Since the abuses first came to light with the publication of photos of prisoners at Abu Ghraib 13 months ago, the Pentagon has carried out dozens of reviews, courts-martial, and disciplinary proceedings. But virtually all of them have dealt only with the responsibility of the soldiers who carried out the abuses or their immediate superiors.
The failure to address the responsibility of officials and officers at the top of the command chain, particularly in light of the disclosure of memos which appeared to authorize at least some of the tactics carried out against detainees, has provoked repeated demands by human rights groups to appoint an independent commission to conduct a thorough examination. Last summer, the 400,000-lawyer American Bar Association joined Amnesty, Human Rights Watch, Human Rights First, and the American Civil Liberties Union (ACLU) in those demands.

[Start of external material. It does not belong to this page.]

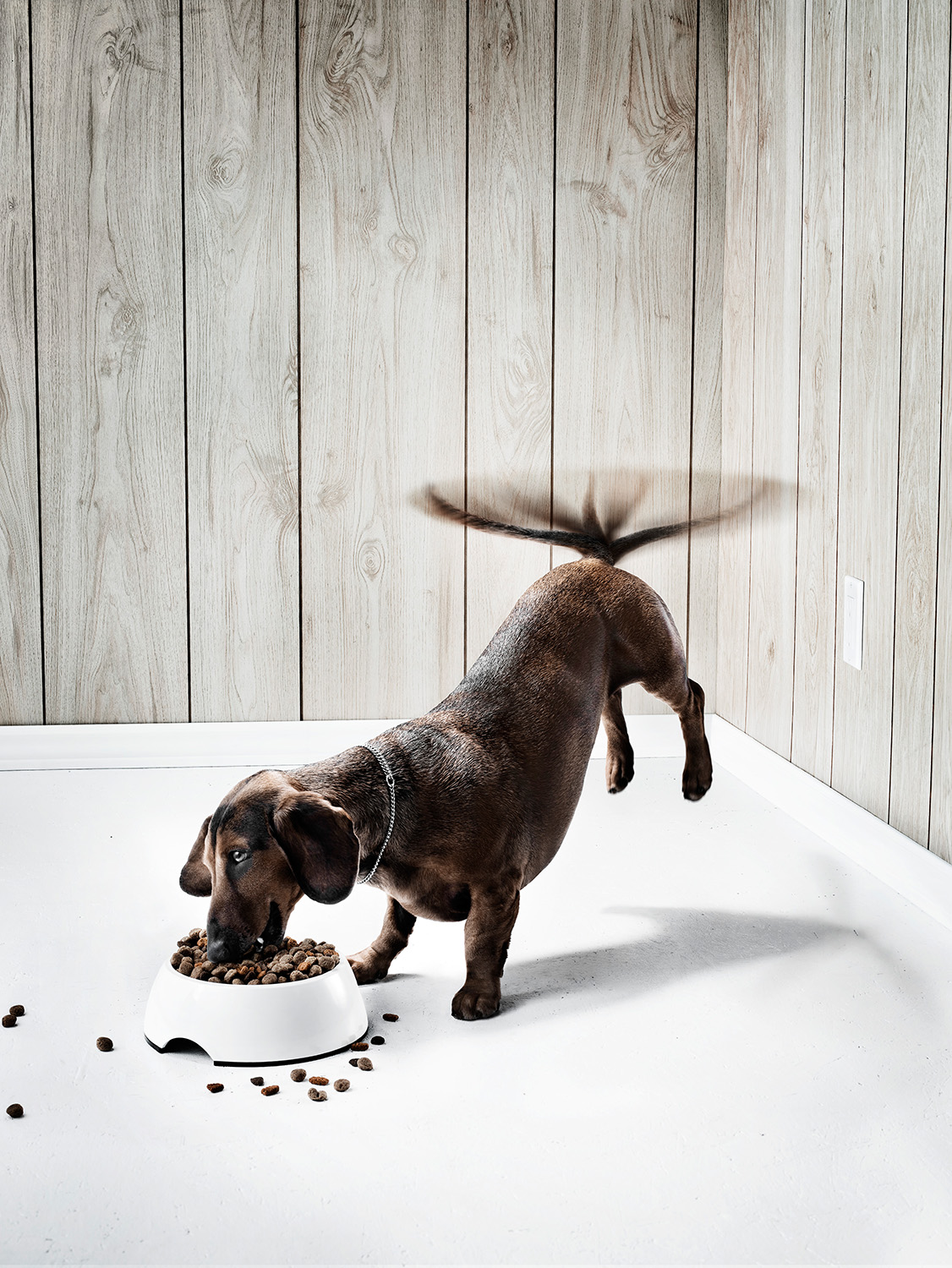 purina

But the Bush administration has rejected them, arguing that the Pentagon’s own efforts to investigate and prosecute abuses were adequate. The Republican leadership in Congress has also paralyzed efforts by Democratic and some Republican lawmakers to create a commission.
The refusal to investigate translates into effective “tolerance” for torture and mistreatment, Schulz said, resulting not only in the spread of such practices but also in the destruction of U.S. credibility when it assails other countries, such as Syria or Egypt, for human rights violations.
“It is the height of hypocrisy for the U.S. government itself to use the very torture techniques that it routinely condemns in other countries,” he said. “When the U.S. government then calls upon foreign leaders to bring to justice those who commit or authorize human rights violations in their own countries, why should those foreign leaders listen?”
As he spoke, the ACLU released new documents it had obtained from the FBI under court order that disclosed that prisoners held at Guantanamo complained that guards there had repeatedly mistreated the Koran. In one 2002 summary, an FBI interrogator noted a prisoner’s allegation that guards had flushed a Koran down a toilet.
The disclosure comes on the heels of controversy over a Newsweek report saying that government investigators had corroborated an almost identical incident. Newsweek ultimately retracted its story because a confidential government source could not be confirmed.
Other documents released Wednesday by the ACLU provided accounts of beatings, planned suicide attempts, hunger strikes to protest mistreatment, and sexual assaults, including an incident in which a female guard fondled a detainee’s genitals while he was held down by male guards.
“The United States government continues to turn a blind eye to mounting evidence of widespread abuse of detainees held in its custody,” said ACLU director Anthony Romero. “If we are to truly repair America’s standing in the world, the Bush administration must hold accountable high-ranking officials who allow the continuing abuse and torture of detainees.”